Began attending revival meetings led by Quakers Jane and James Wardley (1758); had revelation that she was the second coming of Christ (1770); sailed for the New World (1774); helped establish the first Shaker colony at Niskeyuna, New York (1776); took missionary tour through New England (1781–83).
In the United States, the history of women and the history of religion are intrinsically intertwined. This distinctive connection influenced many issues ranging from definitions of women and their social roles within society, to the very events and social values that not only shaped their lives but also had an impact on the lives of all Americans. During the greater part of American history, church participation was one of the few public opportunities available and accessible to women. As Arabella Stuart Wilson notes, religious work gave women "a sphere of activity, usefulness, and distinction, not, under present constitution of society, to be found elsewhere." For this reason, among others, women largely outnumbered men as converts in the great awakenings, and it was predominantly women who remained active in religion and who continued to be involved in religious movements. Consequently, American history is filled with women, like Ann Lee, who made remarkable religious, social, and political contributions and who shaped and formulated the religious experience of America.
Ann Lee was born Ann Lees in Manchester, England, on February 29, 1736, the second of John Lees and Ann Beswick Lees ' eight children. John was a blacksmith who worked at night as a tailor to support his family. Of Ann Beswick Lees almost nothing is known, although Shaker tradition maintains that she was "counted a strictly religious, and very pious woman." John, a later convert to his daughter's movement, was likewise regarded "though poor, [as] respectable in character, moral in principle, honest and punctual in his dealings, and industrious in business." Ann, like the majority of children of her class and time, received no formal schooling (she would, in fact, remain illiterate her entire life) and went to work at the burgeoning textile mills at age eight. Like her contemporaries, Lee worked twelve hours a day, six days a week, moving about in various textile jobs, from spinner, to cutter, to dyer. At age 20, she gained a much less dangerous and physically damaging job as a cook in the Manchester Infirmary, which was also the local insane asylum. Her early childhood and young adulthood were made more difficult by the added responsibilities of raising her siblings and keeping house for her family following the early death of her mother.
At the time of Lee's birth, Manchester possessed the highly charged atmosphere of the Evangelical Revival that swept England in the 1740s and 1750s. Such famous preachers as George Whitefield, and John and Charles Wesley of the Methodist movement, as well as many other sectarians ministers, visited and held revivals in Manchester.
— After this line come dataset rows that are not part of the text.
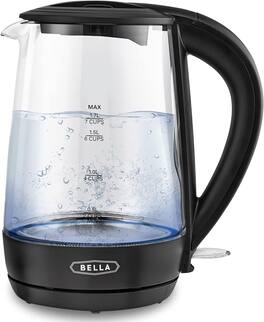 COWLOWN - 1.7L Glass Electric Kettle Blue LED Cordless Auto Shut Off - Black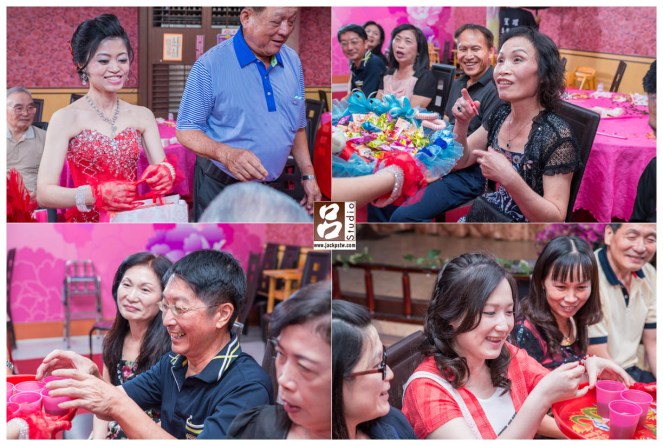 進行奉茶儀式，其實我會建議在午宴送客完進行，因早上進房時辰每個大大不同，又一些長輩可能只有在午宴才會出現。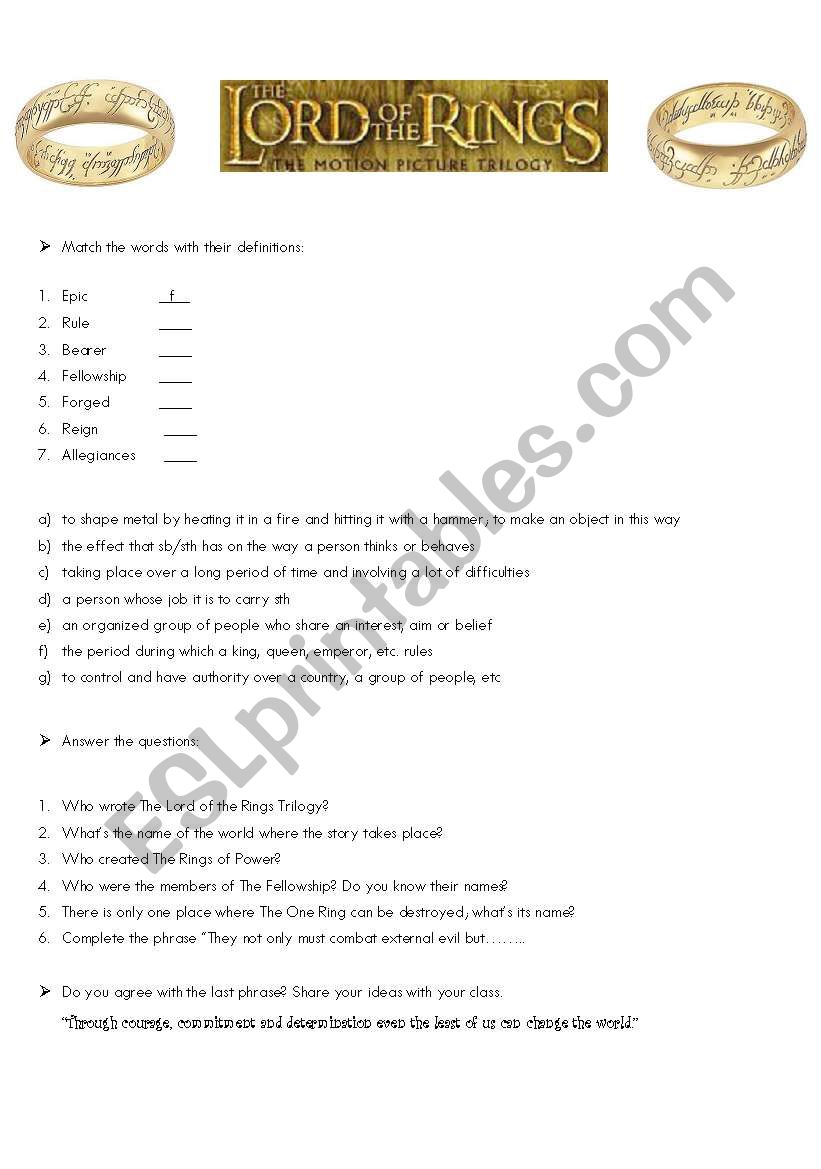 Lord of the Rings Reading WORKSHEET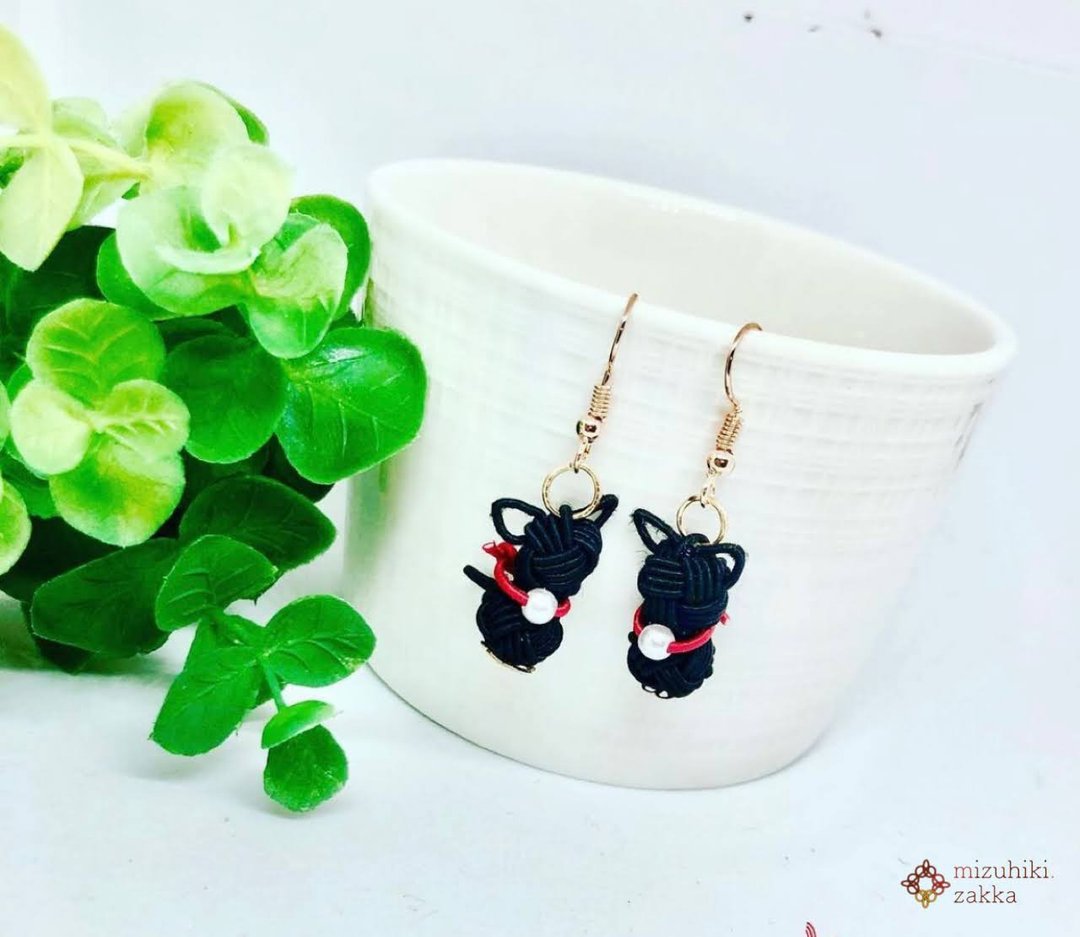 [Japanese tradition] mizuhikii cat earrings or Clip-On(3 colors) - 耳环/耳夹 - 纸 黑色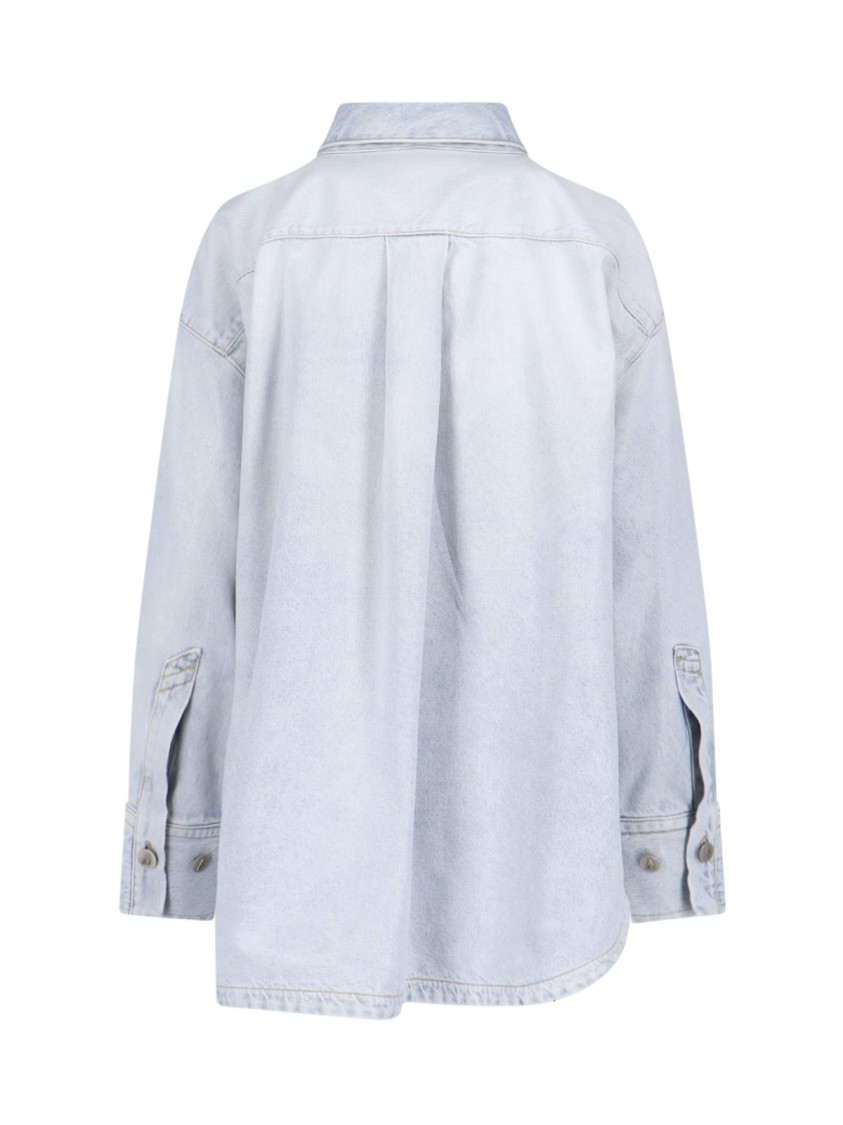 Attico Denim Overshirt With Slit Detail In Blue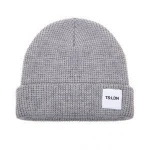 Custom Stretch Acrylic Waffle Knit Beanie Ribbed Slouch Cuff Beanie With Custom Tags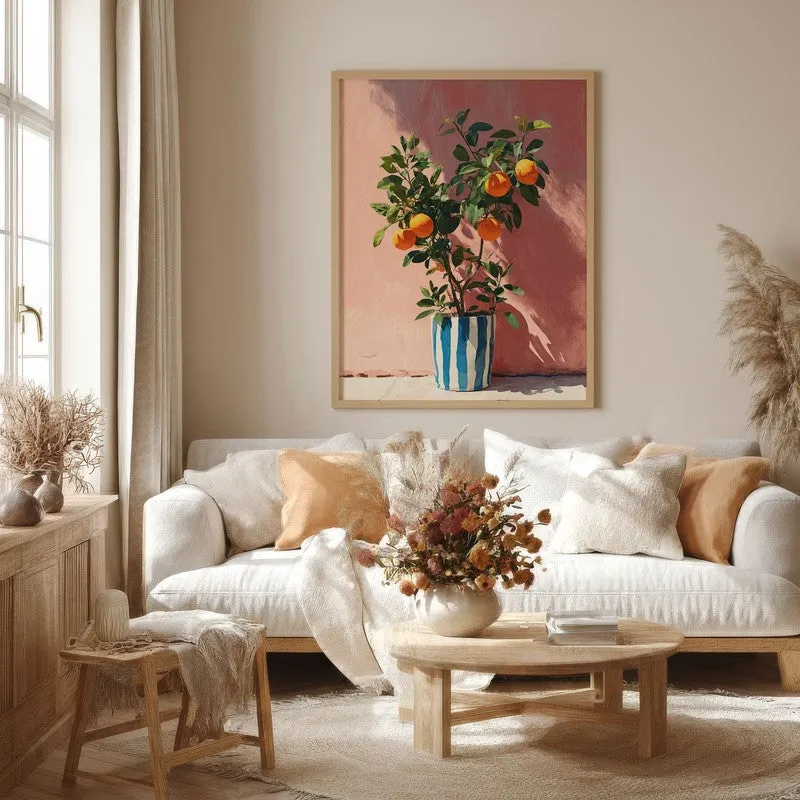 Orange Serenade Canvas Wall Painting - Brown Frame media 4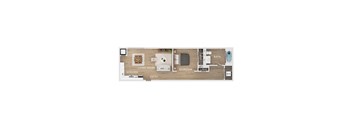 A floor plan of a studio apartment with a kitchen, living room, bedroom and bathroom.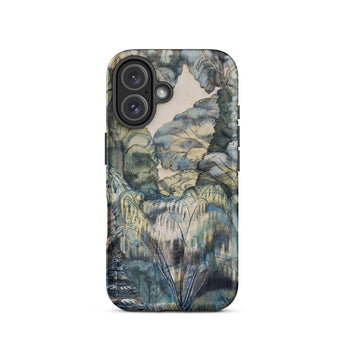 Trees in Bird Garden Iver Heath - Paul Nash Phone Case Iphone 16 / Matte Phone Case Detailed Painterly Landscape Design Muted Blues Nash’s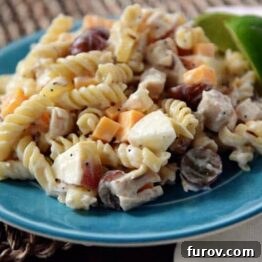 Blue bowl with a serving of Epicurean Chicken Salad, showing pasta, chicken, grapes, apples, and a rich creamy dressing.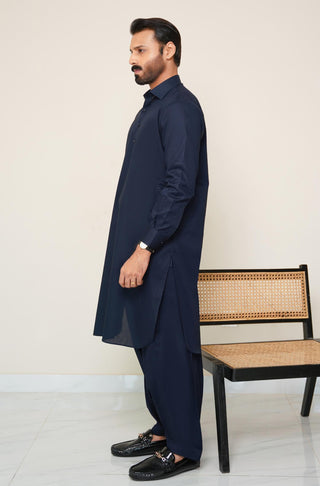 Shopmanto, wear manto, manto clothing brand, manto pakistan, ladies clothing brand, urdu calligraphy clothing, wear manto men's wear basic two piece coord midnight blue shirt kurta collar textured cotton kameez shalwar, men's eid, men's fashion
While each individual and each sectarian movement carried a slightly different message of God and salvation, all preached of the necessity of experiencing a "new birth" in the holy spirit and a moving personal experience with religion in order to gain salvation and a oneness with God. It was this context of Evangelicalism and revival that cultivated and nurtured Lee's growing distance from her family's Anglican Church and the development of her own highly personal religious beliefs and message.
It was within this climate that James and Jane Wardley founded a sectarian group in 1747. Originally Quakers, the Wardleys experienced visions that led them to separate from the Society of Friends and develop a unique form of expressive worship, probably influenced by the French Camisards who had immigrated to the Manchester area in 1685 after the revocation of the Edict of Nantes. The practices of this new sectarian group involved physically expressing the presence of the holy spirit through chanting and dancing. The Wardleys and their growing number of followers believed that religious fervor was a gift of the holy spirit and the experience of this gift led to the emotive and physical style of worship that gave the group its name, the "Shaking Quakers," later the Shakers. The Wardleys also prophesied that the second coming of Christ would be soon and, most significantly, in the guise of a woman.
Lee joined this group in 1758, at age 22, and rose slowly in the movement. It was only following her arranged marriage on January 5, 1761, to Abraham Standerin (later called Stanley), an apprentice of her father's, and her subsequent and speedy loss of three children in childbirth and infancy, and the loss of a fourth, Elizabeth, in 1766, that Ann began to truly question her life and beliefs. According to the Testimonies, a collection of memories and narratives compiled by the Shakers following her death, Lee began "laboring" in an effort to find the holy spirit and new birth. She particularly dreaded sexual intercourse and, after seeking the advice of Jane Wardley, proclaimed her desire to lead a celibate life. Her husband, while not participating in her beliefs or in the movement, agreed.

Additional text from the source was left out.